GUILFOYLE: How do you do it?

PERINO: Well, look that, you know, there were decisions that were made early on that. I think when you, when the history of this is all written, say Donald Trump becomes president, it will say, didn't matter. OK, that's fine. If he doesn't, then I think you could point to several things and say that was so alienating for certain people with take your pick about whatever issue it is. I think that that is going to be hard to overcome.

BOLLING: Can I just -- do you not think that also, though, that the -- this never Trump crowd and the establishment who has decided, let's just derail Trump rather than getting behind him and trying beating Hillary. That doesn't help, either. I mean I understand what you are saying were.


BOLLING: . Geraldo points out he's not the conventional republican, may that what the -- the traditional republican would love to vote for. That may be divisive, but also the push-back on the traditional republican saying.


BOLLING: . I can't vote for him.


RIVERA: Remember what you said about turnout, therein lies the key to this mystery.

GUILFOYLE: Yeah, it's true.

RIVERA: I think Trump motivates and turns out people who may have never voted before.

PERINO: Can I -- can I just point one thing out though, that today -- I want republicans to not have wishful thinking and be very clear-eyed about something. There are reports about the Hispanic voter registration in the country, and it is astounding. In 2012, 11 million Hispanics voted, but 12 million more were eligible to vote. So the democrats and republicans knowing that this year, Hispanic voter registration is up like something a hundred and twenty percent in key states; Florida, Colorado, Arizona, Nevada and California. And if this race is going to be as close as we think it's going to be, that absolutely matters.

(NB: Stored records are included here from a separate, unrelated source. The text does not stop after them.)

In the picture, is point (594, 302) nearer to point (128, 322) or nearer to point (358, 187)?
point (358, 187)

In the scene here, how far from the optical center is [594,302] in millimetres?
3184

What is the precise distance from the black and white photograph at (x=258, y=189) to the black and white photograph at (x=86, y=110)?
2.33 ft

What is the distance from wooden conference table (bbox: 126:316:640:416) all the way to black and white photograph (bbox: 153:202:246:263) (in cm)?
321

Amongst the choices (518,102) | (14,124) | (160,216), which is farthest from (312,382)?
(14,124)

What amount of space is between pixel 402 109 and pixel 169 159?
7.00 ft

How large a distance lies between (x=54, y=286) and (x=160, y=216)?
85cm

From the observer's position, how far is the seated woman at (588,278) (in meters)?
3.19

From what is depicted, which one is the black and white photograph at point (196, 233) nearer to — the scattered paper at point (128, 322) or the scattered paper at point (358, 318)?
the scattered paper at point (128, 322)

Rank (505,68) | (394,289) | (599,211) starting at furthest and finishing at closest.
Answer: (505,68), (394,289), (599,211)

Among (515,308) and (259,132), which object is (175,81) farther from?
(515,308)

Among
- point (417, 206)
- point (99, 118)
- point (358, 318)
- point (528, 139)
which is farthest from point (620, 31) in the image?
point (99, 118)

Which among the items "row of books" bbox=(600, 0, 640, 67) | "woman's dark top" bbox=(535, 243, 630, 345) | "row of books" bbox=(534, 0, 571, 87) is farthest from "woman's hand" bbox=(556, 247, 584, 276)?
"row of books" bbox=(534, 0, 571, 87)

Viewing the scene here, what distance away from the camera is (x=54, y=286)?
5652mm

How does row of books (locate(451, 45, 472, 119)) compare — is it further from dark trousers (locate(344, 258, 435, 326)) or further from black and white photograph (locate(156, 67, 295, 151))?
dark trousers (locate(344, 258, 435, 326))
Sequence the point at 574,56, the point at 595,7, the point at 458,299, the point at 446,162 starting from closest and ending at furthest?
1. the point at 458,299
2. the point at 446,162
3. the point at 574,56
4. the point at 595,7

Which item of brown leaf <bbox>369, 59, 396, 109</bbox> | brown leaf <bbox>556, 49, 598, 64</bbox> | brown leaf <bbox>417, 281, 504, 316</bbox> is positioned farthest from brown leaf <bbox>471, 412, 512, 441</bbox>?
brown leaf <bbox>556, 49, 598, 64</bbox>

GUILFOYLE: And pick Rubio.

RIVERA: I agree.

PERINO: So everybody has to be very clear-eyed about this.


RIVERA: And I agree on that.

PERINO: I don't think it helps enough.

RIVERA: And that is why.

GUILFOYLE: You got to do something.

RIVERA: . Trump will moderate his position on.

GUILFOYLE: Something.

RIVERA: . immigration and that is why the one thing you did not hear in that foreign policy speech he made was the wall.

GUTFELD: The wall.

RIVERA: The wall went down.

GUTFELD: The wall went down.

GUTFELD: The wall went --

GUTFELD: He tore down his own wall.

RIVERA: It was --

GUTFELD: He said, Donald, tear down that wall you said you were going to build.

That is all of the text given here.